▶ _Work request_
Reproduce the listing that follows, unchanged and complete.

* * *

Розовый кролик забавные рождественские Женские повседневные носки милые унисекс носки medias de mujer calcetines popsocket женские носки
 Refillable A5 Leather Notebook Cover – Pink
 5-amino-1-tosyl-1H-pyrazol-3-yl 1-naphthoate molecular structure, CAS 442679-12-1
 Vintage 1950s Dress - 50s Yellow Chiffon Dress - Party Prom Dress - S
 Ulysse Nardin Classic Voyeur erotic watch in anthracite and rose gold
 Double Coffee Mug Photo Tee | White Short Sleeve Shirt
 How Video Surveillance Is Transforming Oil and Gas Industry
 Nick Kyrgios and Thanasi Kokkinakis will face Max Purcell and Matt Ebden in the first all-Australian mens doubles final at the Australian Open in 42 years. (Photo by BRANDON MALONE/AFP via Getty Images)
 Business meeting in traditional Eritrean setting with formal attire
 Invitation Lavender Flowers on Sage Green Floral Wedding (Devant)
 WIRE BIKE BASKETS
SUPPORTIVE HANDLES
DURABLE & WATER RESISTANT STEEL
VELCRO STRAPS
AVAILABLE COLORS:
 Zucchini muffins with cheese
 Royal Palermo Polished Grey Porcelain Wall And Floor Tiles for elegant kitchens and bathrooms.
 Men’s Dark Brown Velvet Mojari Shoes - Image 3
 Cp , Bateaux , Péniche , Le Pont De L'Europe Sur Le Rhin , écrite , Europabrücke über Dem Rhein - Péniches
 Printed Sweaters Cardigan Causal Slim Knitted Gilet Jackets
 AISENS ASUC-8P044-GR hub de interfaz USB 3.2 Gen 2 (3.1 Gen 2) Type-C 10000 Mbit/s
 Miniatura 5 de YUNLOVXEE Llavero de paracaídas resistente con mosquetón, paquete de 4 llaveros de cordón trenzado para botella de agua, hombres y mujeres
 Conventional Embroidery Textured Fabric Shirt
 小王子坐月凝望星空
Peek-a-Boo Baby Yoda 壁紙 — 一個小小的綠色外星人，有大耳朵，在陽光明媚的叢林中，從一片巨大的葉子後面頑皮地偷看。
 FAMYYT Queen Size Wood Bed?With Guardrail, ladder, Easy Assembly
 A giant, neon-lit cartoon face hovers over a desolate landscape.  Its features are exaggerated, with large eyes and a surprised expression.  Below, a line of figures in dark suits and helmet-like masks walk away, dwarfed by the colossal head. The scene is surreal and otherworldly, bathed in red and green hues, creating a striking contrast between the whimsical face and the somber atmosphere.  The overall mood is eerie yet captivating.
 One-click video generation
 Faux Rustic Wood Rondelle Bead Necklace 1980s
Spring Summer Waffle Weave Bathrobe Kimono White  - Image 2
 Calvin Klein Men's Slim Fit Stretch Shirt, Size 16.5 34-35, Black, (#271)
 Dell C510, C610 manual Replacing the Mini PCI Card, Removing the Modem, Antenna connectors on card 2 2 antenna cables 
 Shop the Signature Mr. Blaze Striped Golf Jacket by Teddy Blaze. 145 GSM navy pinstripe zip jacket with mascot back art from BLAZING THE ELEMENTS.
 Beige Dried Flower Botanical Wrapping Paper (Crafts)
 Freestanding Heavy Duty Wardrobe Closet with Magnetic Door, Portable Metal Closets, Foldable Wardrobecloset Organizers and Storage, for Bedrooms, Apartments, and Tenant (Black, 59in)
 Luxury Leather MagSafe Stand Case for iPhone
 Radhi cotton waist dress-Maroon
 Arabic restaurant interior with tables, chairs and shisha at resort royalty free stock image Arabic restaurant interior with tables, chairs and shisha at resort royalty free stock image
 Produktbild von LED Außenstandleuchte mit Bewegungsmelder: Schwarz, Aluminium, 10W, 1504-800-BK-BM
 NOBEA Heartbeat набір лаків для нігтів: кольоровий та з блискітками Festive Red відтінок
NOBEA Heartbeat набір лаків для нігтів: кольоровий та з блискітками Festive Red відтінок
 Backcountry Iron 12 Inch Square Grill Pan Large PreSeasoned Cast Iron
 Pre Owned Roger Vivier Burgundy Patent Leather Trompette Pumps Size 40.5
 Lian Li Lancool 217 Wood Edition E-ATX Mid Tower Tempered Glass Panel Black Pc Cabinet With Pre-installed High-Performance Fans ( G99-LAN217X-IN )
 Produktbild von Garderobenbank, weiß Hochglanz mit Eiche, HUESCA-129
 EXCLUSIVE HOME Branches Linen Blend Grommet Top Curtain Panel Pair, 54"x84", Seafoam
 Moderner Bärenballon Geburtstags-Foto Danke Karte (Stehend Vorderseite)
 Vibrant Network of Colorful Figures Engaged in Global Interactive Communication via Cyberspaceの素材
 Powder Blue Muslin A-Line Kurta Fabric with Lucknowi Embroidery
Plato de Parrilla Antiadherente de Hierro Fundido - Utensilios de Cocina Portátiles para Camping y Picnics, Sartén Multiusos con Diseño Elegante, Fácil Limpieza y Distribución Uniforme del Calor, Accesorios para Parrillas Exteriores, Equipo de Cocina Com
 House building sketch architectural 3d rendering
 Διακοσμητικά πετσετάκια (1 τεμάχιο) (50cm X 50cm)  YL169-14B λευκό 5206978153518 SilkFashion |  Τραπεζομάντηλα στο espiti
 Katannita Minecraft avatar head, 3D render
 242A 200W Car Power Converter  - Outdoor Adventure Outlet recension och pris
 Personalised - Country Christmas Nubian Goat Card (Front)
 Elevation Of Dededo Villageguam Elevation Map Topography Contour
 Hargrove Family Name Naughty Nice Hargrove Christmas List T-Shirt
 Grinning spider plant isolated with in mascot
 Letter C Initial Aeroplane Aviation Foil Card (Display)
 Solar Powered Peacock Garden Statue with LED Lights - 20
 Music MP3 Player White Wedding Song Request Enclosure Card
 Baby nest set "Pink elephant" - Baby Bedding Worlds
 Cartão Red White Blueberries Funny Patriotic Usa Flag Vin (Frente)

* * *

▶ _Answer space_
Розовый кролик забавные рождественские Женские повседневные носки милые унисекс носки medias de mujer calcetines popsocket женские носки
 Refillable A5 Leather Notebook Cover – Pink
 5-amino-1-tosyl-1H-pyrazol-3-yl 1-naphthoate molecular structure, CAS 442679-12-1
 Vintage 1950s Dress - 50s Yellow Chiffon Dress - Party Prom Dress - S
 Ulysse Nardin Classic Voyeur erotic watch in anthracite and rose gold
 Double Coffee Mug Photo Tee | White Short Sleeve Shirt
 How Video Surveillance Is Transforming Oil and Gas Industry
 Nick Kyrgios and Thanasi Kokkinakis will face Max Purcell and Matt Ebden in the first all-Australian mens doubles final at the Australian Open in 42 years. (Photo by BRANDON MALONE/AFP via Getty Images)
 Business meeting in traditional Eritrean setting with formal attire
 Invitation Lavender Flowers on Sage Green Floral Wedding (Devant)
 WIRE BIKE BASKETS
SUPPORTIVE HANDLES
DURABLE & WATER RESISTANT STEEL
VELCRO STRAPS
AVAILABLE COLORS:
 Zucchini muffins with cheese
 Royal Palermo Polished Grey Porcelain Wall And Floor Tiles for elegant kitchens and bathrooms.
 Men’s Dark Brown Velvet Mojari Shoes - Image 3
 Cp , Bateaux , Péniche , Le Pont De L'Europe Sur Le Rhin , écrite , Europabrücke über Dem Rhein - Péniches
 Printed Sweaters Cardigan Causal Slim Knitted Gilet Jackets
 AISENS ASUC-8P044-GR hub de interfaz USB 3.2 Gen 2 (3.1 Gen 2) Type-C 10000 Mbit/s
 Miniatura 5 de YUNLOVXEE Llavero de paracaídas resistente con mosquetón, paquete de 4 llaveros de cordón trenzado para botella de agua, hombres y mujeres
 Conventional Embroidery Textured Fabric Shirt
 小王子坐月凝望星空
Peek-a-Boo Baby Yoda 壁紙 — 一個小小的綠色外星人，有大耳朵，在陽光明媚的叢林中，從一片巨大的葉子後面頑皮地偷看。
 FAMYYT Queen Size Wood Bed?With Guardrail, ladder, Easy Assembly
 A giant, neon-lit cartoon face hovers over a desolate landscape.  Its features are exaggerated, with large eyes and a surprised expression.  Below, a line of figures in dark suits and helmet-like masks walk away, dwarfed by the colossal head. The scene is surreal and otherworldly, bathed in red and green hues, creating a striking contrast between the whimsical face and the somber atmosphere.  The overall mood is eerie yet captivating.
 One-click video generation
 Faux Rustic Wood Rondelle Bead Necklace 1980s
Spring Summer Waffle Weave Bathrobe Kimono White  - Image 2
 Calvin Klein Men's Slim Fit Stretch Shirt, Size 16.5 34-35, Black, (#271)
 Dell C510, C610 manual Replacing the Mini PCI Card, Removing the Modem, Antenna connectors on card 2 2 antenna cables 
 Shop the Signature Mr. Blaze Striped Golf Jacket by Teddy Blaze. 145 GSM navy pinstripe zip jacket with mascot back art from BLAZING THE ELEMENTS.
 Beige Dried Flower Botanical Wrapping Paper (Crafts)
 Freestanding Heavy Duty Wardrobe Closet with Magnetic Door, Portable Metal Closets, Foldable Wardrobecloset Organizers and Storage, for Bedrooms, Apartments, and Tenant (Black, 59in)
 Luxury Leather MagSafe Stand Case for iPhone
 Radhi cotton waist dress-Maroon
 Arabic restaurant interior with tables, chairs and shisha at resort royalty free stock image Arabic restaurant interior with tables, chairs and shisha at resort royalty free stock image
 Produktbild von LED Außenstandleuchte mit Bewegungsmelder: Schwarz, Aluminium, 10W, 1504-800-BK-BM
 NOBEA Heartbeat набір лаків для нігтів: кольоровий та з блискітками Festive Red відтінок
NOBEA Heartbeat набір лаків для нігтів: кольоровий та з блискітками Festive Red відтінок
 Backcountry Iron 12 Inch Square Grill Pan Large PreSeasoned Cast Iron
 Pre Owned Roger Vivier Burgundy Patent Leather Trompette Pumps Size 40.5
 Lian Li Lancool 217 Wood Edition E-ATX Mid Tower Tempered Glass Panel Black Pc Cabinet With Pre-installed High-Performance Fans ( G99-LAN217X-IN )
 Produktbild von Garderobenbank, weiß Hochglanz mit Eiche, HUESCA-129
 EXCLUSIVE HOME Branches Linen Blend Grommet Top Curtain Panel Pair, 54"x84", Seafoam
 Moderner Bärenballon Geburtstags-Foto Danke Karte (Stehend Vorderseite)
 Vibrant Network of Colorful Figures Engaged in Global Interactive Communication via Cyberspaceの素材
 Powder Blue Muslin A-Line Kurta Fabric with Lucknowi Embroidery
Plato de Parrilla Antiadherente de Hierro Fundido - Utensilios de Cocina Portátiles para Camping y Picnics, Sartén Multiusos con Diseño Elegante, Fácil Limpieza y Distribución Uniforme del Calor, Accesorios para Parrillas Exteriores, Equipo de Cocina Com
 House building sketch architectural 3d rendering
 Διακοσμητικά πετσετάκια (1 τεμάχιο) (50cm X 50cm)  YL169-14B λευκό 5206978153518 SilkFashion |  Τραπεζομάντηλα στο espiti
 Katannita Minecraft avatar head, 3D render
 242A 200W Car Power Converter  - Outdoor Adventure Outlet recension och pris
 Personalised - Country Christmas Nubian Goat Card (Front)
 Elevation Of Dededo Villageguam Elevation Map Topography Contour
 Hargrove Family Name Naughty Nice Hargrove Christmas List T-Shirt
 Grinning spider plant isolated with in mascot
 Letter C Initial Aeroplane Aviation Foil Card (Display)
 Solar Powered Peacock Garden Statue with LED Lights - 20
 Music MP3 Player White Wedding Song Request Enclosure Card
 Baby nest set "Pink elephant" - Baby Bedding Worlds
 Cartão Red White Blueberries Funny Patriotic Usa Flag Vin (Frente)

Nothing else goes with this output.